If this means that it is essential that all the tools to stop terrorist attacks and radicalisation are in place, few would disagree. New measures may well mean a reduction in civil liberties, more electronic eavesdropping and the like, for intelligence services must be given every means possible to tackle this protean scourge.

In an age when your friendly neighbour could turn out to have been radicalised online and decide to take his life and those of others using just his car as a weapon, the reach and the writ of the state has to run far indeed for it to have any chance of forestalling such attacks.

But there is a big difference between saying that security forces need more powers, and that is the problem, and blaming a community for tolerating extremism.

Let us not forget that both the Manchester bomber, Salman Abedi, and one of the London murderers, Khuram Butt, had been reported to the authorities by friends and associates worried that the men had been radicalised. It seems that neither, however, were deemed high enough priority for continuing surveillance. That is not to blame the security services; instead it points to a massive increase of resources being necessary if men like Abedi and Butt are to be caught in time in future.

What it does not do is suggest that tolerance of extremism is the reason that these attacks took place. The UK community secretary, Sajid Javid, himself a Muslim, says that British Muslims have a “unique burden” to call out extremism: “It is not enough to condemn. Muslims must challenge too ... We can no longer shy away from those difficult conversations.”

Yet it is clear from reporting on their backgrounds that both the men above were “challenged” and had “difficult conversations” at the heart of their communities, in their mosques. The communities did just what Mr Javid is asking them to do and more, since they reported the men.

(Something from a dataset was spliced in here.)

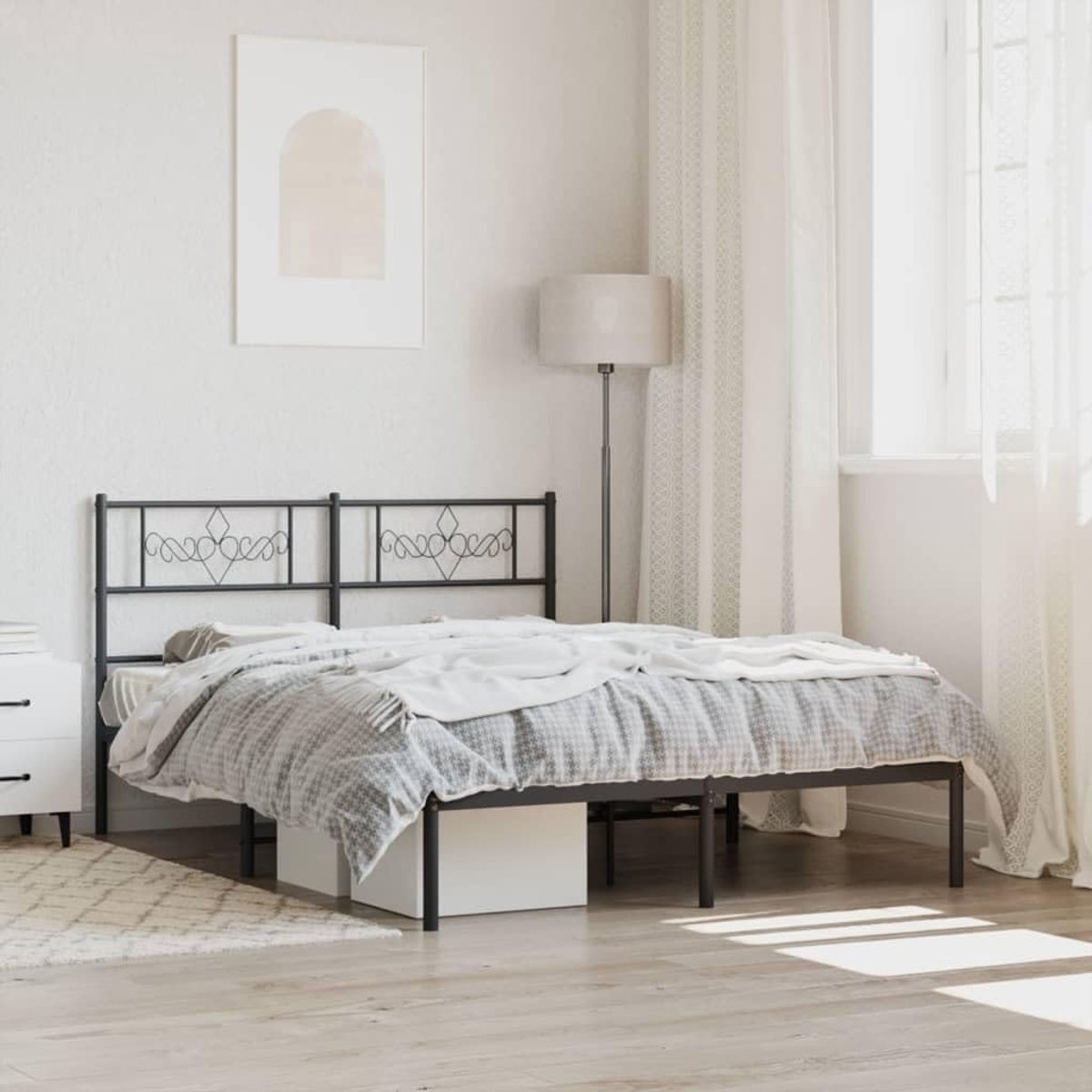 Metalen Bedframe - Robuust Logeerbed - Slaapkamer Inrichting - Extra Opbergruimte - 140 x 200 cm - Zwart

Yet still it is not enough.

There was a time when the hateful preaching of radical extremists like Abu Hamza and Omar Bakri was tolerated, both by their own misguided followers and by the state. (When I asked one Home Office mandarin why the two were not charged, he told me ruefully that they had looked into it and that the law would not allow for prosecution. That was tolerance of a kind that baffled many. Thankfully both are now locked up, Abu Hamza in the US and Bakri in Lebanon.)

But that is in the past. The vast majority of both Britain and its Muslim community have taken an increasingly robust stance against radicalisation and extremism. They may be able to do more, but there are limits to what can be done about lone wolves or marginalised, disaffected people who find meaning and purpose through acts of violence, not through religion. As has been noted before, many who have gone to fight for ISIL or commit atrocities in its name know little about their supposed faith.

If anything, Muslims in the UK have been frustrated by the unwillingness of the authorities to take a harder line on extremists. Khuram Butt, for instance, was hiding in open sight, even appearing in a documentary last year called The Jihadis Next Door. The head of one anti-extremist foundation in the UK, Mohammed Shafiq, says: “Many of us in the British Muslim community have been demanding actions against these extremists to no avail. I am not surprised that Khuram Butt carried out the terrorist attack and there are serious questions for the authorities.”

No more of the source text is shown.